CHAT teacher wins TED award for tech innovation

Jamie Cohen

TORONTO — The world-renowned TED organization, which promotes “ideas worth spreading,” has recognized a Jewish Toronto high school teacher for successfully implementing a revolutionary teaching approach in his classroom.

Jamie Cohen, a Grade 9 English teacher at the Anne and Max Tanenbaum Community Hebrew Academy of Toronto’s Vaughan campus, is one of three teachers – and the only Canadian – to win an international contest that challenged educators to create a SOLE, a self-organized learning environment.
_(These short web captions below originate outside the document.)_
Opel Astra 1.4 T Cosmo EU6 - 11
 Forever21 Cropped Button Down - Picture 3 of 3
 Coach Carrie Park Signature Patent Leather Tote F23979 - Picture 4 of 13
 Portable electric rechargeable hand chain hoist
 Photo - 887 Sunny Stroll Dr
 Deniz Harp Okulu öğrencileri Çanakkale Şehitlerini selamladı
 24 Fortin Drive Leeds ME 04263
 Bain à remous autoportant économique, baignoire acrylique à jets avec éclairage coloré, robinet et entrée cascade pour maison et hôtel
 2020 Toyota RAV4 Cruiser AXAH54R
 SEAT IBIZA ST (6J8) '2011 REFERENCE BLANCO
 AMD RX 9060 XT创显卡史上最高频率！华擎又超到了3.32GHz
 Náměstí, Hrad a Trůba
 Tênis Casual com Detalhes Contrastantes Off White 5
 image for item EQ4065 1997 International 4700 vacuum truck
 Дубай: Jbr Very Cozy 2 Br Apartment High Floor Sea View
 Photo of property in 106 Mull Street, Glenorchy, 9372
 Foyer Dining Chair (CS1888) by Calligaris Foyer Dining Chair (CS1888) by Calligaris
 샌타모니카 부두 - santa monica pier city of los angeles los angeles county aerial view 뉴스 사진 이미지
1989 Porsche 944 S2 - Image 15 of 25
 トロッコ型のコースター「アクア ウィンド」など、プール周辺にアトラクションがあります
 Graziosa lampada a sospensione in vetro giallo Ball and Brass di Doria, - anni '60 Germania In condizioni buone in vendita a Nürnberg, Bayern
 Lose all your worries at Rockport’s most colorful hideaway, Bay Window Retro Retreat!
The SOLE Challenge, created earlier this year by a U.K.-based educational technology professor who received $1 million in seed money from TED to create a virtual “School in the Cloud,” called on educators to create a learning environment that relies on the use of technology, collaboration and encouragement as the basis for 21st-century learning.

“It takes students on an intellectual journey to investigate the big questions,” 39-year-old Cohen said.

“What I like about SOLE is that I can structure the class so that hands-on learners, auditory learners, and visual learners are all stimulated and engaged.”

Cohen, who has a background in filmmaking and spent years in New York working for Saturday Night Live creator Lorne Michaels, said the contest appealed to him because of his interest in the way media can be used to teach universal lessons.

Cohen based his SOLE on a novel study of Hermann Hesse’s Siddhartha, which follows a young man on a spiritual journey of self-discovery during the time of the Gautama Buddha, in the 6th century BCE.

His students were asked to access a digital version of the novel on Rap Genius, a website that allows students to analyze, discuss and annotate the text line by line.

The students could post questions, make comments on the text, and expand on another student’s question or explanation of a passage, which encouraged collaborative online discussions. 

“The students were asked to complete specific tasks, such as ask a question in an area you don’t understand, or find a visual link of what India looked like in that region,” Cohen explained. 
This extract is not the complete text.